Added a new wrapper decorator for post_init_error method to capture initialization error for AWS Lambda integration.
Modified _wrap_handler decorator to include code which runs a parallel thread to capture timeout error.
Modified _make_request_event_processor decorator to include execution duration as parameter.
Added TimeoutThread class in utils.py which is useful to capture timeout error.

1) Added a new wrapper decorator for post_init_error method to capture initialization error for AWS Lambda integration. 2) Modified _wrap_handler decorator to include code which runs a parallel thread to capture timeout error. 3) Modified _make_request_event_processor decorator to include execution duration as parameter. 4) Added TimeoutThread class in utils.py which is useful to capture timeout error.

untitaker

lgtm so far, please add tests though

untitaker · 2020-07-08T09:06:15Z

sentry_sdk/integrations/aws_lambda.py

+        # type: (*Any, **Any) -> Any
+
+        # Fetch Initialization error details from arguments
+        error = json.loads(args[1])


Can we move this down into line 47, no reason to do this work and potentially crash even if the integration is disabled

Sure, I'll make this change.

untitaker · 2020-07-08T09:07:11Z

sentry_sdk/integrations/aws_lambda.py

+                # environment from arguments and, re-raising it to capture it as an event.
+                if error.get("errorType"):
+                    exc_info = sys.exc_info()
+                    reraise(*exc_info)


Why reraise to catch again instead of calling sys.exc_info once? Does this change the stacktrace somehow?

Nope, this doesn't change the stacktrace.
I got your point. I'll check once and capture the details without reraising.

untitaker · 2020-07-08T09:08:46Z

sentry_sdk/integrations/aws_lambda.py

@@ -126,6 +196,10 @@ def sentry_to_json(*args, **kwargs):

            lambda_bootstrap.to_json = sentry_to_json
        else:
+            lambda_bootstrap.LambdaRuntimeClient.post_init_error = _wrap_init_error(


Note this will be executed for Python 3.7 only.

Yes, since for python environments 2.7 & 3.6 the runtime already handles these issues. So, I need not handle for those scenarios. In those cases runtime generates FaultException for initialization error.

1) As per review comments, moved the statement which fetches error details from args of sentry_init_error() method after the integration check. 2) As per review comments, removed the try-except block as execution info was available to us directly.
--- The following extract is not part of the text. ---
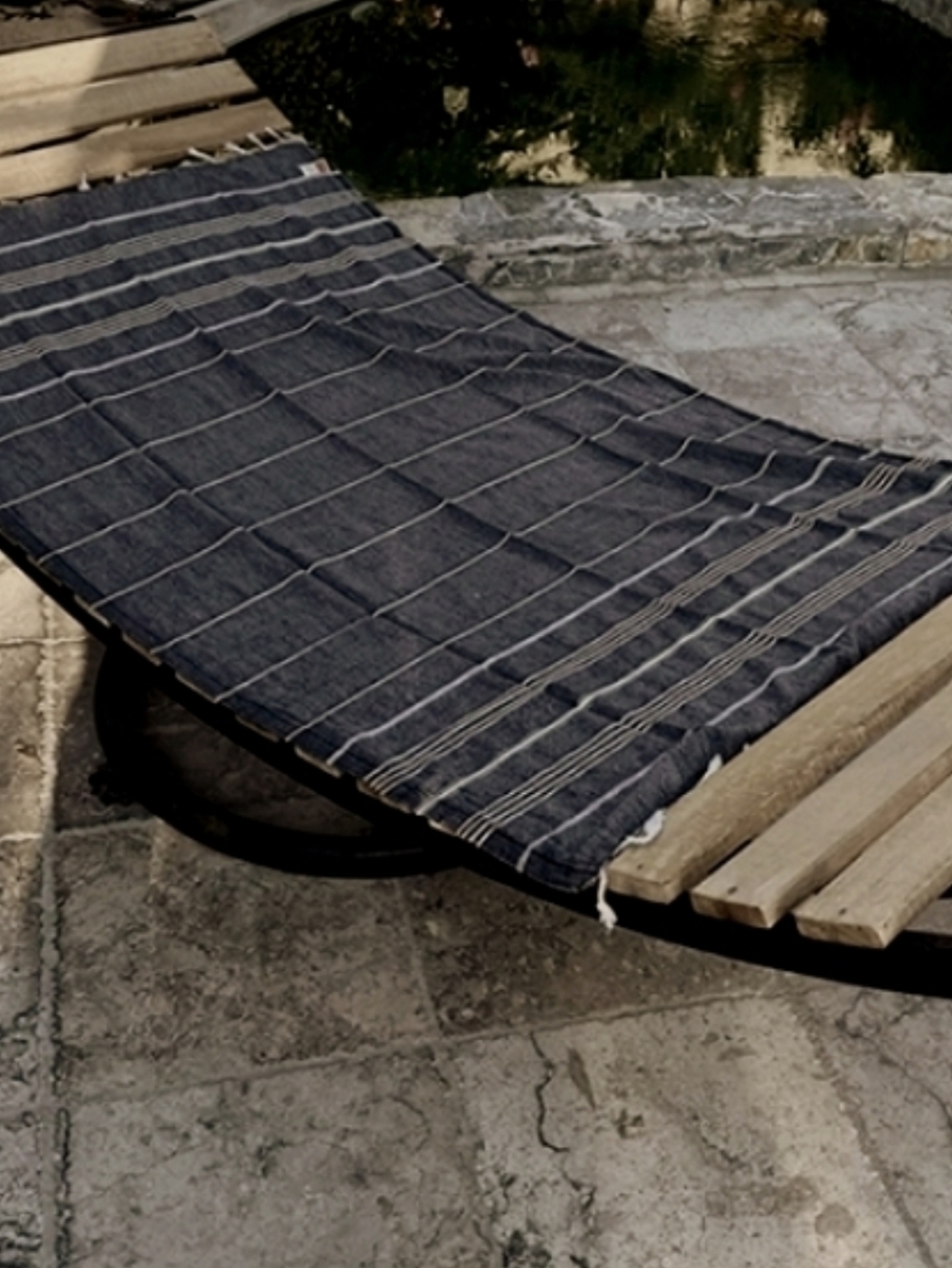 Big Quick Dry Beach Towel XL Turkish Cotton Peshtemal Black Stripe Bath Pool Gym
1) Added automation unit tests for AWS Lambda integration. 2) The test cases are for timeout and initialization errors.

rhcarvalho · 2020-07-15T08:02:56Z

tests/integrations/aws_lambda/test_aws.py

+
+def test_timeout_error(run_lambda_function):
+    # Modifying LAMBDA_PRELUDE since capturing timeout error is kept optional.
+    modified_prelude = LAMBDA_PRELUDE.replace("[AwsLambdaIntegration()]", "[AwsLambdaIntegration(True)]")


This test could silently do the wrong thing if the string "[AwsLambdaIntegration()]" is not part of LAMBDA_PRELUDE (e.g. after an unrelated code change).
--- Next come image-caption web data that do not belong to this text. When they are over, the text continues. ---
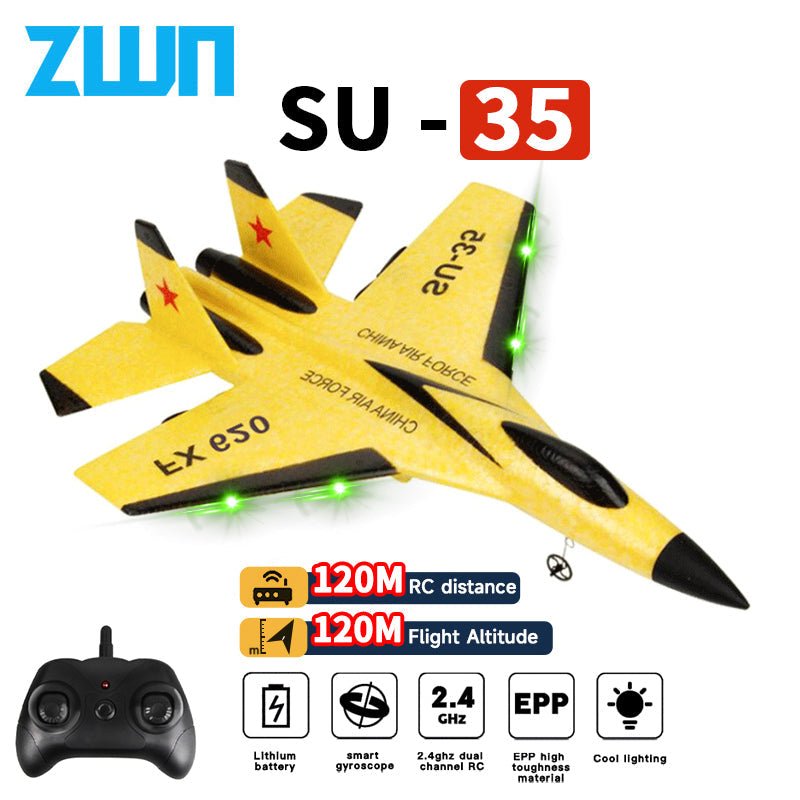 RC Plane SU35 2.4G With LED Lights Aircraft Remote Control Flying Model Glider Airplane SU57 image 4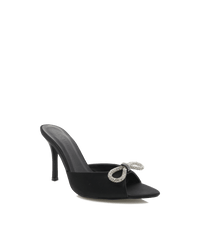 Thumbnail for Leilah Bow Heel Black Satin, Shoes by Billini Shoes | LIT Boutique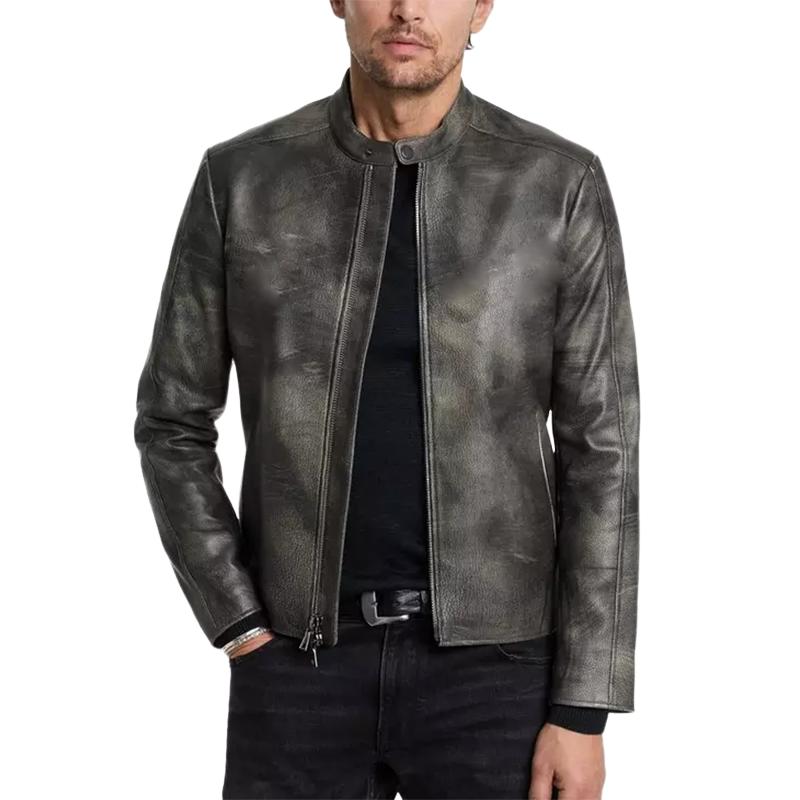 Men's Classic Fashion Distressed Zip-Up Leather Jacket 05026995K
Also using a positional argument is cryptic. One needs to go through hops to figure out what the True value is used for.

My suggestion is to add a new keyword argument to init_sdk defined in LAMBDA_PRELUDE:

def init_sdk(check_timeout_error=False, **extra_init_args): # ... integrations=[AwsLambdaIntegration(check_timeout_error=check_timeout_error)],

This way, instead of string replacement in the prelude, we can simply append code that uses the new argument.
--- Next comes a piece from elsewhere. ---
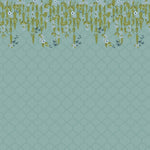 Teal Botanical Lattice Botanical wallpaper for living room & bedroom interiors | MWA-LWZ-142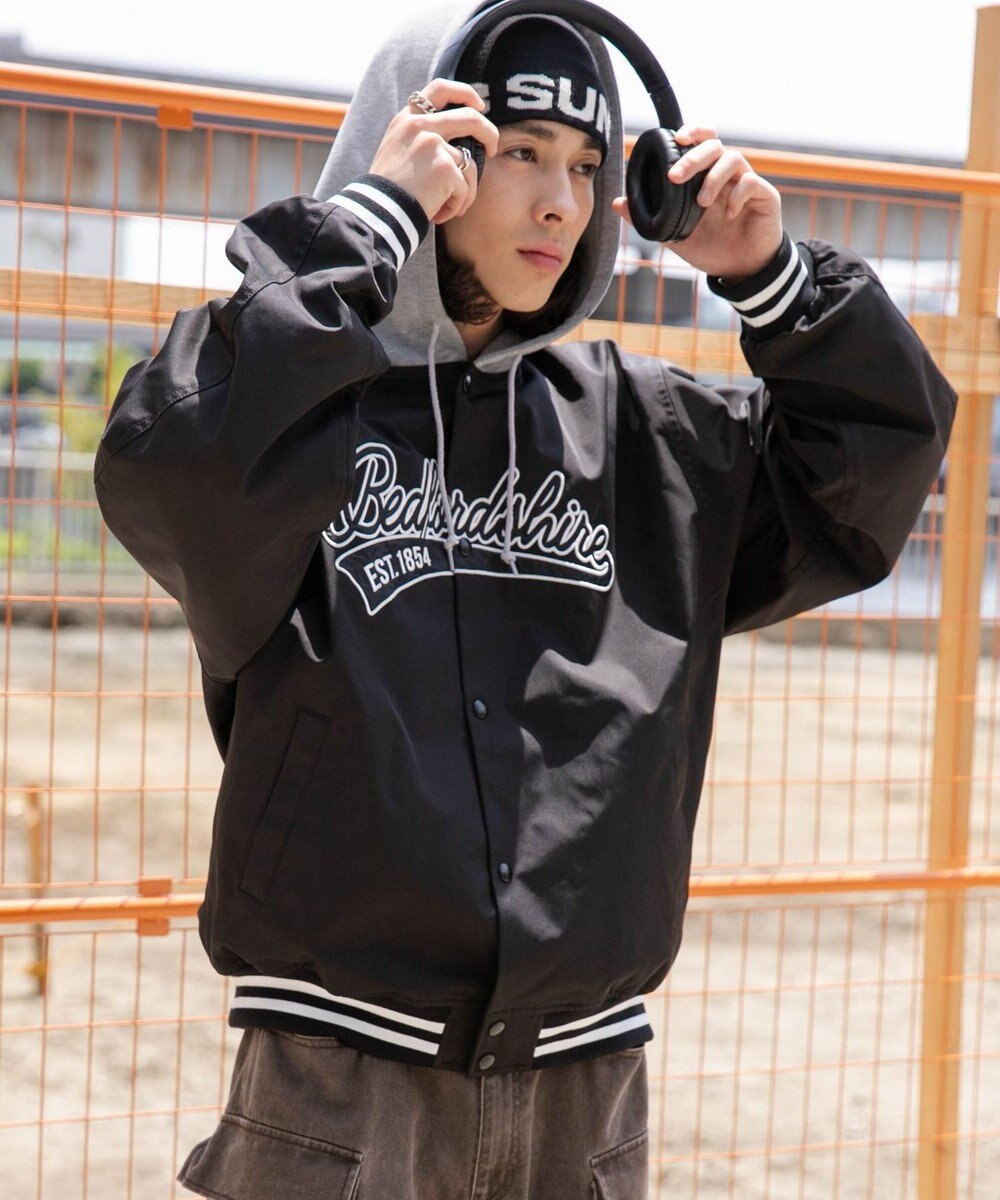 WEGO 【ユニセックス着用ITEM】フードワッペンスタジャン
init_sdk(check_timeout_error=True)

rhcarvalho · 2020-07-15T08:05:32Z

sentry_sdk/integrations/aws_lambda.py

@@ -73,6 +131,14 @@ def _drain_queue():
 class AwsLambdaIntegration(Integration):
    identifier = "aws_lambda"

+    def __init__(self, check_timeout_error=False):


check_timeout_error is a rather misleading name because it doesn't cause the integration to "check for a timeout error".

What it does is trigger a warning if you get "close enough" to the timeout.

rhcarvalho · 2020-07-15T08:08:48Z

sentry_sdk/integrations/aws_lambda.py

@@ -25,6 +27,45 @@

    F = TypeVar("F", bound=Callable[..., Any])

+# Constants
+TIMEOUT_THRESHOLD_MILLIS = 1500  # Minimum time required to capture TimeoutError


This sort of makes AwsLambdaIntegration(check_timeout_error=True) "maybe" work as intended, depending on external state that is not obvious when you initialize the integration. Do we really need this?

rhcarvalho · 2020-07-15T08:10:34Z

sentry_sdk/integrations/aws_lambda.py

+                if integration.get_check_timeout_error():
+                    # Starting the Timeout thread only if the configured time is greater than Timeout threshold value
+                    if configured_time_in_millis > TIMEOUT_THRESHOLD_MILLIS:


If we do need this threshold, then let's write a single if condition == less indentation levels.

if COND_A and COND_B: ...

rhcarvalho · 2020-07-15T08:17:02Z

sentry_sdk/integrations/aws_lambda.py

+                        configured_time_in_sec = configured_time_in_millis / SECONDS_CONVERSION_FACTOR
+                        configured_time = int(configured_time_in_sec)
+
+                        # Setting up the exact integer value of configured time(in seconds)
+                        if configured_time < configured_time_in_sec:
+                            configured_time = configured_time + 1


time.sleep can work with floating point numbers, this dance to round up to the next integer is not really needed, is it?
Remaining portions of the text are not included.